Проницательные читатели давно выражают неудовольствие по поводу этого последнего свидания. Владимир Набоков, выступая против массы «страстных патриотических дифирамбов, превозносящих добродетели Татьяны», настаивает на том, что ее самоотверженный отказ Онегину – это попросту клише из французских, английских и немецких романтических романов; более того, «ее ответ Онегину вовсе не звучит с той величавой бесповоротностью, которую слышат в нем комментаторы» [Набоков 1998: 593]. Т. Э. Литтл высказывается более радикально, настаивая на том, что мы изначально должны воспринимать все любовные отношения между Татьяной и Онегиным в ироническом ключе: молчание Татьяны вполне могло бы быть объяснено не ее нравственной силой или тайными страданиями, но попросту безразличием или негодованием. Сценарий концовки, в которой «сентиментальная героиня встречается с перевоспитавшимся байроническим героем», попросту является «типично пушкинской насмешкой», Татьяна безжалостно глумится над своей жертвой [Little 1975: 19–28]. Р. Грегг, перенося акцент с формы на содержание заключительного монолога Татьяны, находит в нем дюжину неточностей или, если выразиться помягче, субъективных эмоциональных высказываний Татьяны, в которых она возводит напраслину на Евгения [Gregg 1981: 1, б][97]. Такие суждения обоснованно мотивируются ощущением, что в этой заключительной сцене что-то не так. Однако я считаю, что они незаслуженно упрощают обоих ее участников, в особенности – героя.

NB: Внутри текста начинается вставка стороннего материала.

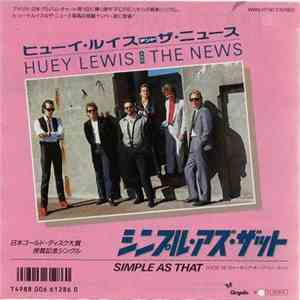 Huey Lewis And The News - Simple As That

Грегг, разумеется, прав, утверждая, что память подводит Татьяну и что она разговаривает с Евгением крайне резким тоном. Я хотела бы добавить, что ее тон – почти мужской, как будто бы эта неизбежная развязка должна была начинаться с обращения Евгения к части своего «я». Разумеется, в моем сценарии так и происходит. (Татьяна все время называет его «Онегин», так, как называют друг друга мужчины, так, как Евгений обращался к Ленскому.) На самом деле большая часть из того, что она ему говорит, становится понятнее, если ее понимать автореферентно, как исповедь. Татьяна отвергает Онегина – точно так же, как его внутреннее «я», теперь более восприимчивое и отвечающее за свое прошлое, знает, что она должна поступить таким образом. Если теперь Татьяна вспоминает «одну суровость» в реакции Онегина на ее письмо и упрекает его за «взгляд холодный» и «проповедь», мы знаем, что это ошибочная оценка искренности и мягкости его тона в тот день. Однако в нынешних обстоятельствах Онегин вполне простительно желает наказать себя за то, что тогда упустил нечто столь важное теперь. Онегин также знает в душе (и Татьяна откровенно и неоднократно подтверждает это в обращенной к нему речи), что в важнейшие моменты их несинхронизированных объяснений в любви он и в самом деле вел себя благородно, принимая во внимание то, каким он был и что он знал о себе в то время.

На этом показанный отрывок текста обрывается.